EXERCISE: Without omitting anything, retype the data that follows.

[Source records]
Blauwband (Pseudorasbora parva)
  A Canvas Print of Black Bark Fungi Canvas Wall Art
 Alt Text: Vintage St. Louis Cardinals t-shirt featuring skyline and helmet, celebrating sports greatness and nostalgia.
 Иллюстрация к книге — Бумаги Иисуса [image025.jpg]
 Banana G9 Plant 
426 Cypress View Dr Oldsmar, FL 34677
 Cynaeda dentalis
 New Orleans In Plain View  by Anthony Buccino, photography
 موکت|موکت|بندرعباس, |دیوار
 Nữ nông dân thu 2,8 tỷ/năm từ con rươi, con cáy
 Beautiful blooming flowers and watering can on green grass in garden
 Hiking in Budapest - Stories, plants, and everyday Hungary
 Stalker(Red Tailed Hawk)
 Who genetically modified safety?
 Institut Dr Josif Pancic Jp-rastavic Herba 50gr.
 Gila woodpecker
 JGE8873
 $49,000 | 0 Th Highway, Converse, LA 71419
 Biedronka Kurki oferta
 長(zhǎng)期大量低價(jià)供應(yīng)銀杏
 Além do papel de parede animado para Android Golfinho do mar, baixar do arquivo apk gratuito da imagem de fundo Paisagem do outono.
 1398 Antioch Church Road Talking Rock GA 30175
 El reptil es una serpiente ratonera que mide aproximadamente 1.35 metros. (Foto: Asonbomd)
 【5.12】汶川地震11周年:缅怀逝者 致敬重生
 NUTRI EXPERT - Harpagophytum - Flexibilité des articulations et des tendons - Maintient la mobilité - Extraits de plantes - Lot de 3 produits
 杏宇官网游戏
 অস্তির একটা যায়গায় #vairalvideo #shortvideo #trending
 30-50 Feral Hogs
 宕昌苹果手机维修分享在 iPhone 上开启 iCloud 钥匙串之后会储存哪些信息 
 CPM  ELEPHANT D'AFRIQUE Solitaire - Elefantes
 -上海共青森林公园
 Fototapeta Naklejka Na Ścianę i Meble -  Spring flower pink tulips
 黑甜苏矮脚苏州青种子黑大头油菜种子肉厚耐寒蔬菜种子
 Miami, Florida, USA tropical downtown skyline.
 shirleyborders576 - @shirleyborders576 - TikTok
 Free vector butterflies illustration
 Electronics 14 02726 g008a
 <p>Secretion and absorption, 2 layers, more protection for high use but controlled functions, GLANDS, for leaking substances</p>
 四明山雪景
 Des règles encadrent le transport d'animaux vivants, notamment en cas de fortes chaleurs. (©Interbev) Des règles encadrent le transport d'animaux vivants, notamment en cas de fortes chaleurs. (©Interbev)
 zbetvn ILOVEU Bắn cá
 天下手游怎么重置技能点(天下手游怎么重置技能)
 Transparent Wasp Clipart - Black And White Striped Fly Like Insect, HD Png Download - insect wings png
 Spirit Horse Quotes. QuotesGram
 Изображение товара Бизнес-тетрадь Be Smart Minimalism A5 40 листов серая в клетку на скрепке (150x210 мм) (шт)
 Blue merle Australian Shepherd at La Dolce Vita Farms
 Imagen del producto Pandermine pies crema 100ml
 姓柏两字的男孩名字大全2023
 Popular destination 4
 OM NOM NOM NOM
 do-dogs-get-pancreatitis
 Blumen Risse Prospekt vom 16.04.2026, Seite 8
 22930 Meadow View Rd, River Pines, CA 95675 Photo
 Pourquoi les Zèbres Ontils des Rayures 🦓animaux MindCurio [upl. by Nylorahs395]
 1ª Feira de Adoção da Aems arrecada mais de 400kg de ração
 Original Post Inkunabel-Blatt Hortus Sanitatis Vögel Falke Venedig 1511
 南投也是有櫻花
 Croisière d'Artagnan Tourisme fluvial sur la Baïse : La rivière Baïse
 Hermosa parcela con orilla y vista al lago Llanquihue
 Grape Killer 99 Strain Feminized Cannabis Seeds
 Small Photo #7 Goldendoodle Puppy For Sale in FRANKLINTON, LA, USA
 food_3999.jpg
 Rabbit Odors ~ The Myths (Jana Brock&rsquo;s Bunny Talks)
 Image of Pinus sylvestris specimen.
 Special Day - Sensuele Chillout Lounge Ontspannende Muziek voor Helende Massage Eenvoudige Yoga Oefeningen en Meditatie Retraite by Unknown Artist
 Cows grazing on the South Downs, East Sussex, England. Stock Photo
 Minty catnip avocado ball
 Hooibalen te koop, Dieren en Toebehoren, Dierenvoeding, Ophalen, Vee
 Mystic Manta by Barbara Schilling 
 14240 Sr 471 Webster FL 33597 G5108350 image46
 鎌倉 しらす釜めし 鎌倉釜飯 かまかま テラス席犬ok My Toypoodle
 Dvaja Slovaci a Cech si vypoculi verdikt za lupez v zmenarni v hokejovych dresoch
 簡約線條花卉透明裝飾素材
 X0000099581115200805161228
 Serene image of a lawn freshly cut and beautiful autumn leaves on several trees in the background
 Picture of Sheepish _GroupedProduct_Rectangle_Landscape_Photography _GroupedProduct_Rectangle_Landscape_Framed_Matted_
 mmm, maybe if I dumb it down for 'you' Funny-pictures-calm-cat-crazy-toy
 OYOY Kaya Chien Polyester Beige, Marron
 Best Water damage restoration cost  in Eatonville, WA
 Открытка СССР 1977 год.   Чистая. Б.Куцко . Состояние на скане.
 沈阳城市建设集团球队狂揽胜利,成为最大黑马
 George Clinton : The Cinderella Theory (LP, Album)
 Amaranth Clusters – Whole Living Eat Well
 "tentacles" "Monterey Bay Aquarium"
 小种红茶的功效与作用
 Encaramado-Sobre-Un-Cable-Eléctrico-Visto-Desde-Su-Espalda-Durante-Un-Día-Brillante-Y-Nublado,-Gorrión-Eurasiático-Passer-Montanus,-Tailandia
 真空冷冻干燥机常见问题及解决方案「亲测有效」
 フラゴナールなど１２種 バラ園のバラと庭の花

SOLVED EXERCISE:
Blauwband (Pseudorasbora parva)
  A Canvas Print of Black Bark Fungi Canvas Wall Art
 Alt Text: Vintage St. Louis Cardinals t-shirt featuring skyline and helmet, celebrating sports greatness and nostalgia.
 Иллюстрация к книге — Бумаги Иисуса [image025.jpg]
 Banana G9 Plant 
426 Cypress View Dr Oldsmar, FL 34677
 Cynaeda dentalis
 New Orleans In Plain View  by Anthony Buccino, photography
 موکت|موکت|بندرعباس, |دیوار
 Nữ nông dân thu 2,8 tỷ/năm từ con rươi, con cáy
 Beautiful blooming flowers and watering can on green grass in garden
 Hiking in Budapest - Stories, plants, and everyday Hungary
 Stalker(Red Tailed Hawk)
 Who genetically modified safety?
 Institut Dr Josif Pancic Jp-rastavic Herba 50gr.
 Gila woodpecker
 JGE8873
 $49,000 | 0 Th Highway, Converse, LA 71419
 Biedronka Kurki oferta
 長(zhǎng)期大量低價(jià)供應(yīng)銀杏
 Além do papel de parede animado para Android Golfinho do mar, baixar do arquivo apk gratuito da imagem de fundo Paisagem do outono.
 1398 Antioch Church Road Talking Rock GA 30175
 El reptil es una serpiente ratonera que mide aproximadamente 1.35 metros. (Foto: Asonbomd)
 【5.12】汶川地震11周年:缅怀逝者 致敬重生
 NUTRI EXPERT - Harpagophytum - Flexibilité des articulations et des tendons - Maintient la mobilité - Extraits de plantes - Lot de 3 produits
 杏宇官网游戏
 অস্তির একটা যায়গায় #vairalvideo #shortvideo #trending
 30-50 Feral Hogs
 宕昌苹果手机维修分享在 iPhone 上开启 iCloud 钥匙串之后会储存哪些信息 
 CPM  ELEPHANT D'AFRIQUE Solitaire - Elefantes
 -上海共青森林公园
 Fototapeta Naklejka Na Ścianę i Meble -  Spring flower pink tulips
 黑甜苏矮脚苏州青种子黑大头油菜种子肉厚耐寒蔬菜种子
 Miami, Florida, USA tropical downtown skyline.
 shirleyborders576 - @shirleyborders576 - TikTok
 Free vector butterflies illustration
 Electronics 14 02726 g008a
 <p>Secretion and absorption, 2 layers, more protection for high use but controlled functions, GLANDS, for leaking substances</p>
 四明山雪景
 Des règles encadrent le transport d'animaux vivants, notamment en cas de fortes chaleurs. (©Interbev) Des règles encadrent le transport d'animaux vivants, notamment en cas de fortes chaleurs. (©Interbev)
 zbetvn ILOVEU Bắn cá
 天下手游怎么重置技能点(天下手游怎么重置技能)
 Transparent Wasp Clipart - Black And White Striped Fly Like Insect, HD Png Download - insect wings png
 Spirit Horse Quotes. QuotesGram
 Изображение товара Бизнес-тетрадь Be Smart Minimalism A5 40 листов серая в клетку на скрепке (150x210 мм) (шт)
 Blue merle Australian Shepherd at La Dolce Vita Farms
 Imagen del producto Pandermine pies crema 100ml
 姓柏两字的男孩名字大全2023
 Popular destination 4
 OM NOM NOM NOM
 do-dogs-get-pancreatitis
 Blumen Risse Prospekt vom 16.04.2026, Seite 8
 22930 Meadow View Rd, River Pines, CA 95675 Photo
 Pourquoi les Zèbres Ontils des Rayures 🦓animaux MindCurio [upl. by Nylorahs395]
 1ª Feira de Adoção da Aems arrecada mais de 400kg de ração
 Original Post Inkunabel-Blatt Hortus Sanitatis Vögel Falke Venedig 1511
 南投也是有櫻花
 Croisière d'Artagnan Tourisme fluvial sur la Baïse : La rivière Baïse
 Hermosa parcela con orilla y vista al lago Llanquihue
 Grape Killer 99 Strain Feminized Cannabis Seeds
 Small Photo #7 Goldendoodle Puppy For Sale in FRANKLINTON, LA, USA
 food_3999.jpg
 Rabbit Odors ~ The Myths (Jana Brock&rsquo;s Bunny Talks)
 Image of Pinus sylvestris specimen.
 Special Day - Sensuele Chillout Lounge Ontspannende Muziek voor Helende Massage Eenvoudige Yoga Oefeningen en Meditatie Retraite by Unknown Artist
 Cows grazing on the South Downs, East Sussex, England. Stock Photo
 Minty catnip avocado ball
 Hooibalen te koop, Dieren en Toebehoren, Dierenvoeding, Ophalen, Vee
 Mystic Manta by Barbara Schilling 
 14240 Sr 471 Webster FL 33597 G5108350 image46
 鎌倉 しらす釜めし 鎌倉釜飯 かまかま テラス席犬ok My Toypoodle
 Dvaja Slovaci a Cech si vypoculi verdikt za lupez v zmenarni v hokejovych dresoch
 簡約線條花卉透明裝飾素材
 X0000099581115200805161228
 Serene image of a lawn freshly cut and beautiful autumn leaves on several trees in the background
 Picture of Sheepish _GroupedProduct_Rectangle_Landscape_Photography _GroupedProduct_Rectangle_Landscape_Framed_Matted_
 mmm, maybe if I dumb it down for 'you' Funny-pictures-calm-cat-crazy-toy
 OYOY Kaya Chien Polyester Beige, Marron
 Best Water damage restoration cost  in Eatonville, WA
 Открытка СССР 1977 год.   Чистая. Б.Куцко . Состояние на скане.
 沈阳城市建设集团球队狂揽胜利,成为最大黑马
 George Clinton : The Cinderella Theory (LP, Album)
 Amaranth Clusters – Whole Living Eat Well
 "tentacles" "Monterey Bay Aquarium"
 小种红茶的功效与作用
 Encaramado-Sobre-Un-Cable-Eléctrico-Visto-Desde-Su-Espalda-Durante-Un-Día-Brillante-Y-Nublado,-Gorrión-Eurasiático-Passer-Montanus,-Tailandia
 真空冷冻干燥机常见问题及解决方案「亲测有效」
 フラゴナールなど１２種 バラ園のバラと庭の花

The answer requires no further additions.